Now Amazon is doubling down on its investment in the developer community, with the debut of training workshops aimed at training developers to build for Alexa.
Launching in partnership with Intel, “Alexa Dev Days” is Amazon’s new traveling event series that begins this month with sessions in the United States. It will also hit select markets in Europe, including London, Berlin, Munich, Frankfurt, Manchester, Dublin and more.
The idea with the Alexa training workshops is to offer developers a “hands-on, immersive learning opportunity” focused on building Alexa skills for devices, from smart home applications to games.
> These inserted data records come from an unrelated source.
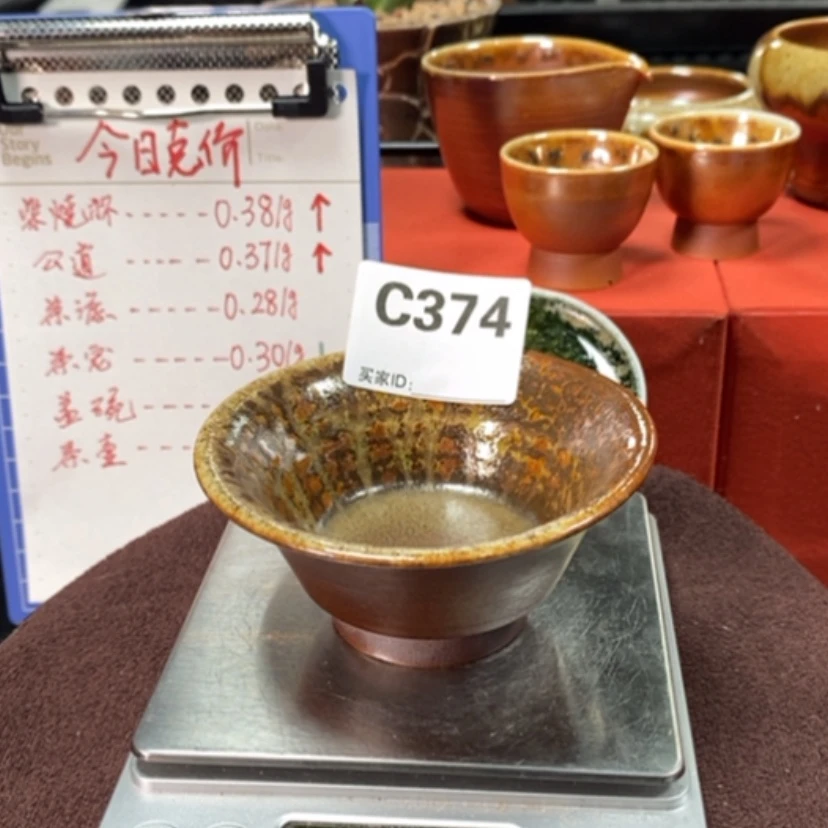 【闪购商品】密胺杯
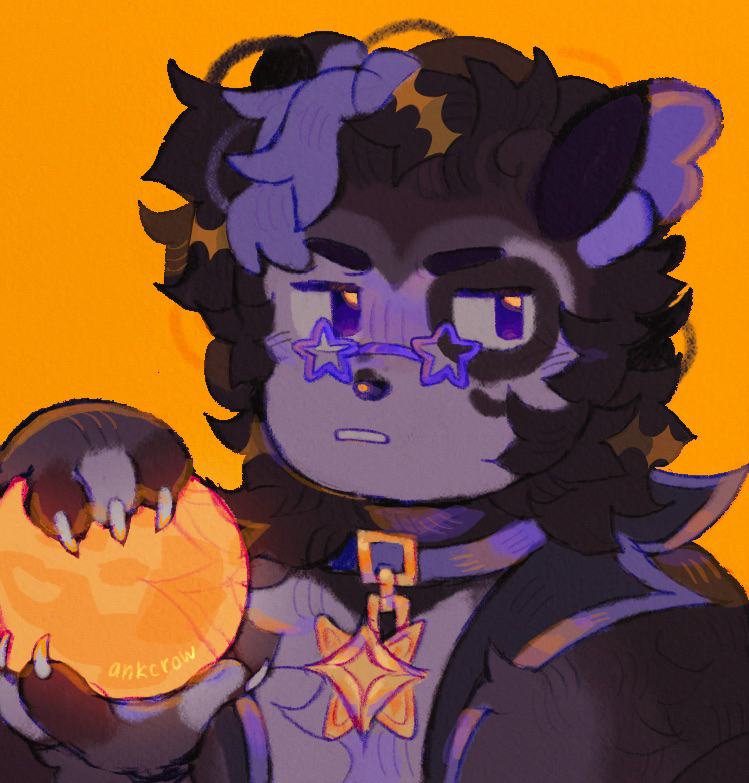 ankcrow's tweet photo. art fight https://t.co/qIjfh8dw3N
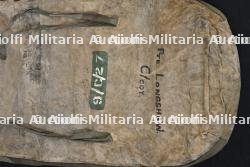 Sac de couchage camouflé. — photo 4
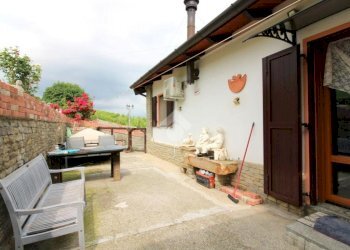 Independent house Regione Santa Libera, Monastero Bormida - photo 27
An Amazon trainer will guide the sessions, walking developers through the mechanics of building for Alexa using Amazon’s skill building design tool and AWS Lambda.
This will be followed by a focus on the design process itself, which will include time for attendees to brainstorm and share ideas with one another.
Developers will then spend time running through lab exercises, where they can get help from the onsite Alexa expert as they practice what they’ve learned. These labs will include skill-building exercises where they create apps that tell facts, make restaurant recommendations, play games, call APIs, read and write from databases, and call to other AWS services. Some of the events will also offer training on using the Alexa Voice Service.
In addition, developers will learn how to submit completed skills to Alexa’s Skill Store for certification – which is how the skills they create become available to the general public.
There will be two types of sessions available – introductory and advanced. Which sessions are offered will vary by city. Introductory sessions are aimed at those who know how to code, but don’t have experience building for voice platforms, while advanced sessions attendees will have likely already dabbled in voice apps.
By engaging directly with the developer community worldwide, Amazon is seeding interest in its Alexa platform. And this, in turn, will further Amazon’s toehold in the voice computing market, where companies like Google and Apple are now playing catch-up, with the Google Home and HomePod, respectively.
This is hardly Amazon’s first big developer push, however, when it comes to getting Alexa skills built. The company is also doling out cash rewards for popular game skills, giving out AWS credits to skill builders, and is giving away free Echo Dot devices and other swag throughout the month of July. But what it’s not yet doing is giving developers a way to directly monetize their apps via paid voice installs, ads or in-app sales – it even shut down the first Alexa ad network that emerged.
Despite the inability to launch a real business on Alexa for the time being, developers building for voice platforms are picking Alexa over the competition right now. According to recent data, Amazon has over 15,000 skills, while Google Home has just 378 voice apps, for example.
Intel’s involvement in the workshop series is due to its own investment in Amazon’s voice platform. The Intel Atom x5-Z8350 processors now power two new Alexa devices from Amazon, the Echo Show and Echo Look. The company also introduced its Smart Home Hub at AWS re:Invent last year, and announced a reference design for developers building smart home solutions.